Sports, Column

I Could Play … No, You Couldn’t

In fifth grade, I watched as a part-man, part-beast with soulless eyes and a dirty jersey killed a kid by heinously using a radioactive collection of bones, sinew, and cartilage clinging to a military-grade rotator cuff to gun a fireball from no farther than 60 feet away.

Well, he didn’t actually murder my unlucky teammate-more or less just dinged him in the ribs a little bit with a hard leather ball-but as I watched from the on deck circle and considered my terrible hitting ability and worse dodging ability, I was certain that a sixth-grade fastball to the jaw would be my untimely doom. So, exuding a pathetic weakness similar to that of a wobbling newborn duck, I stepped into the batter’s box, stomped my spikes into the shallow clay, smacked my bat against the plate twice, and swung feebly at the first three pitches I saw before making a beeline for the safety of the tilted metal bench we called a dugout and the comfort of my half-eaten bag of BBQ sunflower seeds.

The majority of my rec baseball career was about as glorious as this scene. I spent most games neurotically spitting on my batting gloves, locking down the sixth or seventh slot in the order, desperately digging out infield singles, and doing everything in my power to avoid pitchers the size of small mountains that finished puberty at age 12 and threw wildly in the high 60s and low 70s. And yet, when I retired from baseball three years later, short-term memory of my struggles faded into the sunset along with my sub-.200 batting average: for God’s sake, I could hit anything; I played second base like a young Alfonso Soriano; I must have been chronically underrated. In reality, I was merely a sufferer of “I Could Play” syndrome.

“I Could Play” (ICP): noun 1. A plague of the brain afflicting former athletes, a loathsome state of mind and speech in which the victim declares that they could exceed the athletic abilities of the players they are watching. Synonym: Asshole.

People with ICP are ridiculous, they are everywhere, and they are idiots. (Not to be mistaken by members of the Insane Clown Posse, who are also ridiculous, everywhere, and idiotic.) Earlier this year, during Boston College men’s hockey’s 9-2 beat down, goal bonanza trouncing of Wisconsin, a friend of mine watching in Conte Forum declared: “I could play fourth line for Wisconsin.” In the moment, my friend, who played three years of high school hockey, was asserting he could log minutes for the Badgers, the D1 team that finished 24-11-2 and made the NCAA tournament.

Surely, there are worse types of spectators at all level of sports: mouth breathers, weird old guys who seem too interested in high school track, that dude who wears a Red Sox jersey when the Yankees are playing the Orioles, and the meat-head dad fully convinced his second grader has an MLB swing and needs to be leading off, for Christ’s sake!

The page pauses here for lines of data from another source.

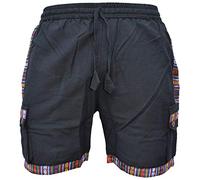 Gheri Mens Cotton Edge Nepalese Shorts Hippie Boho Half Pants Black Large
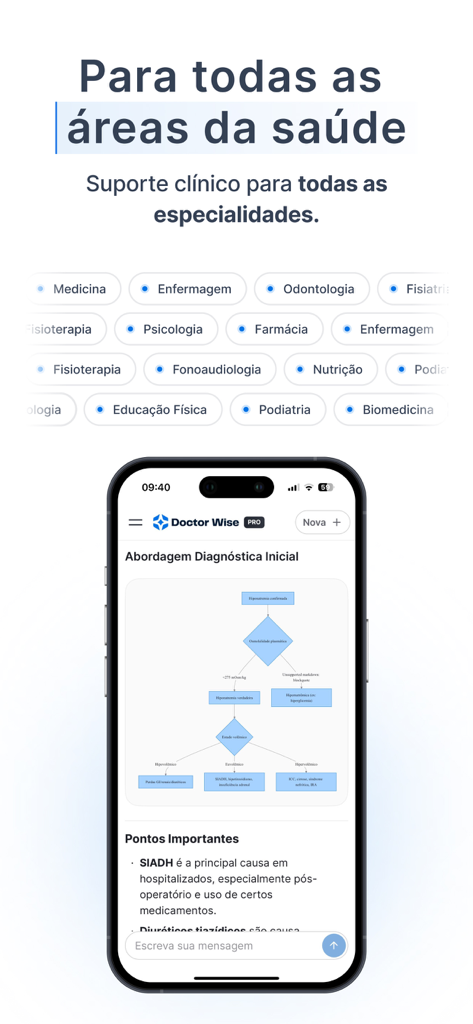 Doctor Wise - Doctor Wise mobile app interface showing a diagnostic flowchart and list of supported healthcare specialties like medicine and nursing
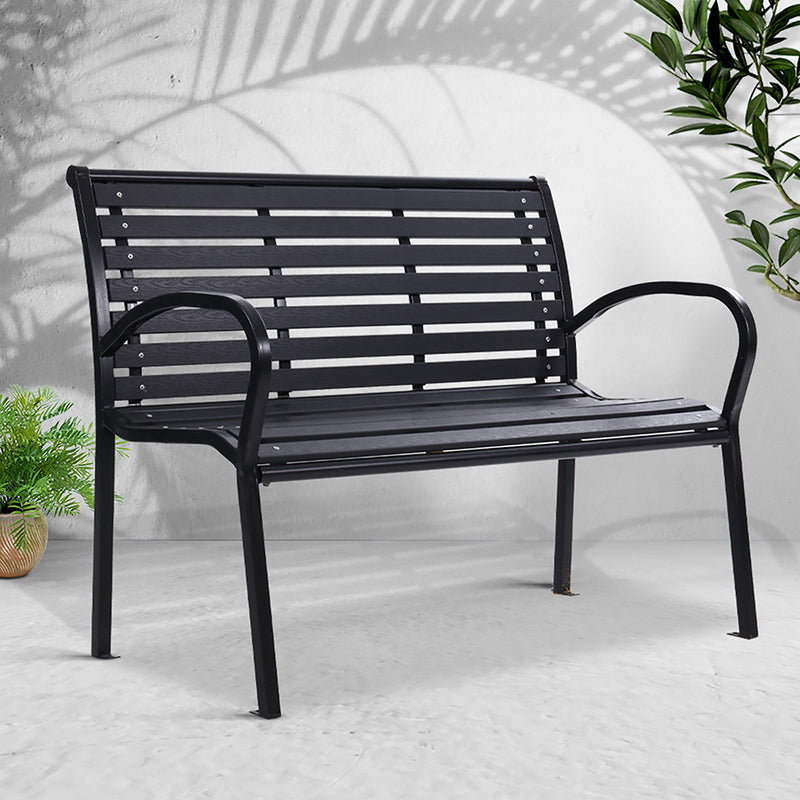 Gardeon Garden Bench Outdoor Furniture Chair Steel Lounge Backyard Patio Park Black - Sale Now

Still, there’s just something relentlessly frustrating about the person who cheapens what they’re watching by consistently insisting they could keep up, or perform better, than the athletes in front of them. And in the interest of full disclosure and the virtue of honesty, I too am a victim and can barely watch a Manchester United game, let alone a youth soccer match, without entertaining ICP thoughts.

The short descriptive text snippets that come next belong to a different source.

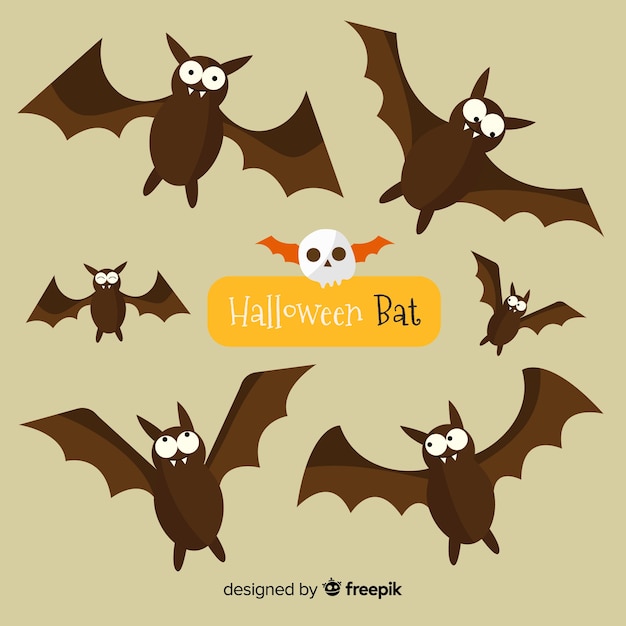 Vettore gratuito lovely pipistrelli di halloween con design piatto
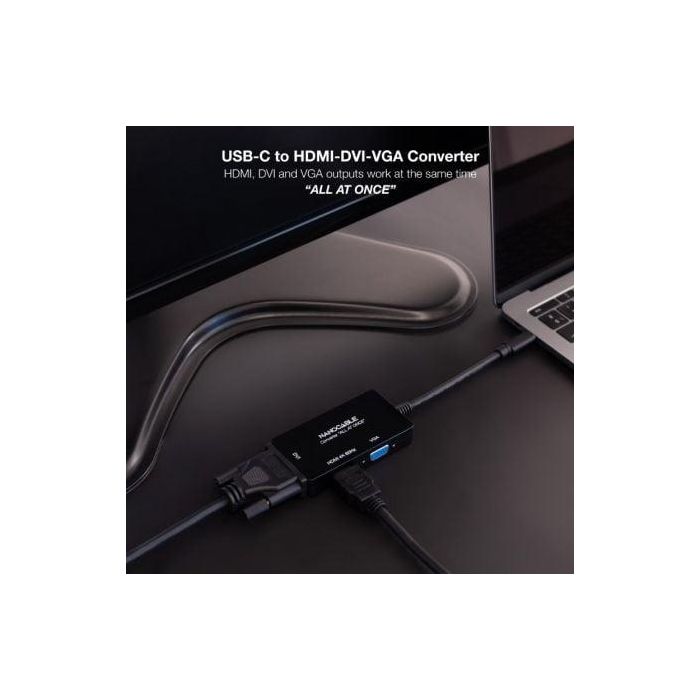 Adaptador USB-C a VGA/HDMI/DVI NANOCABLE 10.16.4301-ALL 20 cm Negro 3 Adaptador USB-C a VGA/HDMI/DVI NANOCABLE 10.16.4301-ALL 20 cm Negro 3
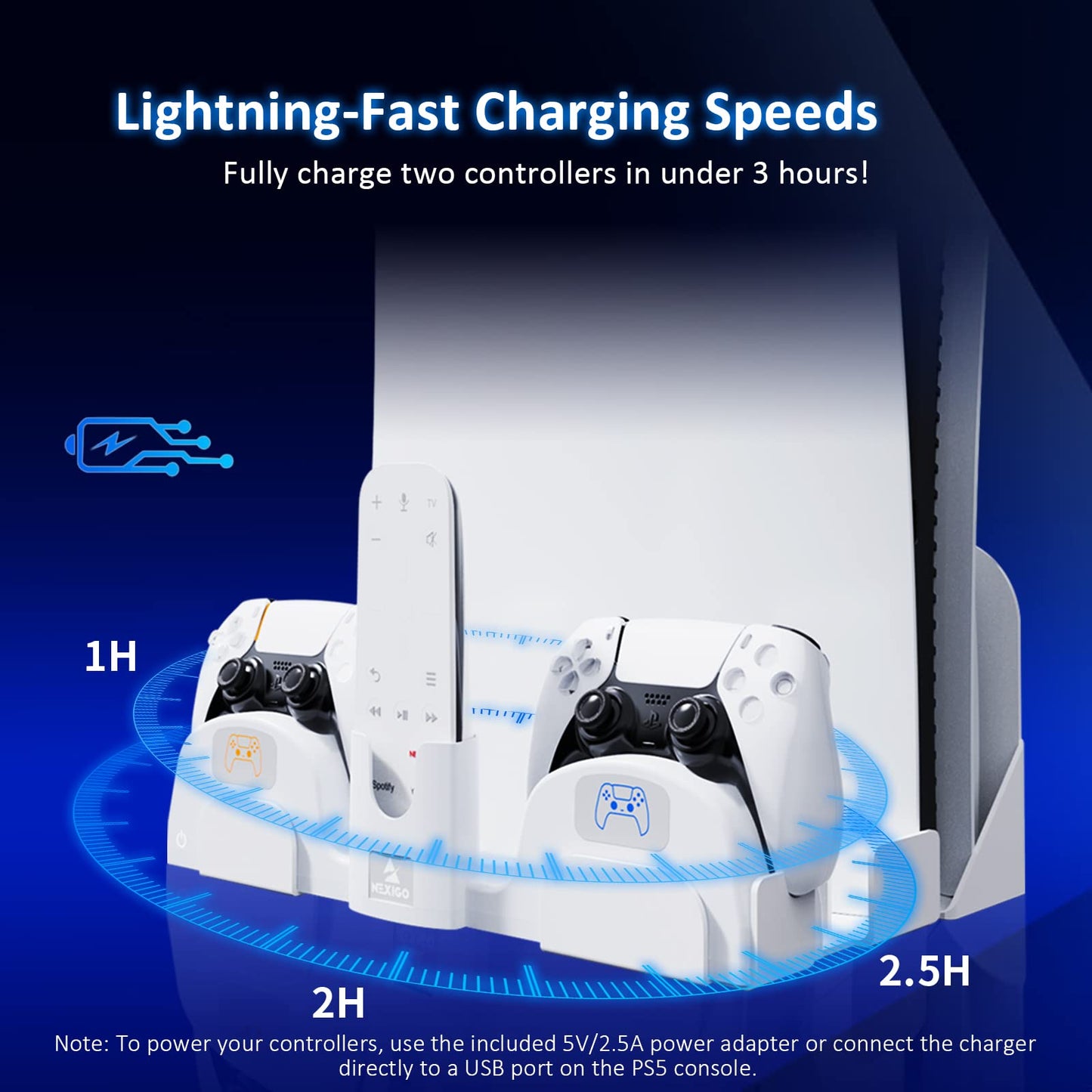 NexiGo PS5 Accessories Wall Mount with DualSense Charging Station, Stable Metal Wall Hanging Stand with LED Charging Indicator for PlayStation 5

The reason I bring this up in the first place is because I aim to help myself, all those suffering from ICP, and everyone who knows someone with ICP. I’ve found the beginnings of a cure: Humiliation Reinforcement For Rehabilitation (HRFR).

The next time someone makes a ridiculous ICP claim, force him or her to back it up. Get them on the field, court, or ice in a competitive scenario, and make them sink or swim, prove it, or shut up. For me, all it took was multiple strikeouts and a dropped fly ball in a coed softball game to realize that I am truly a blight on the beautiful game of baseball, softball, and probably cricket.

Of course, this method is far from foolproof. If the ICP sufferer succeeds, you’ve created a far stronger monster that will continue to grow and grow until his or her head explodes, or they pull some sort of Rookie scenario and become a professional athlete. And even worse, HRFR has to be done sport by sport-it’s not a one-stop fix all. And I know this for sure, because anyone who thinks that Wayne Rooney can score a free kick on me is a total, stupid moron.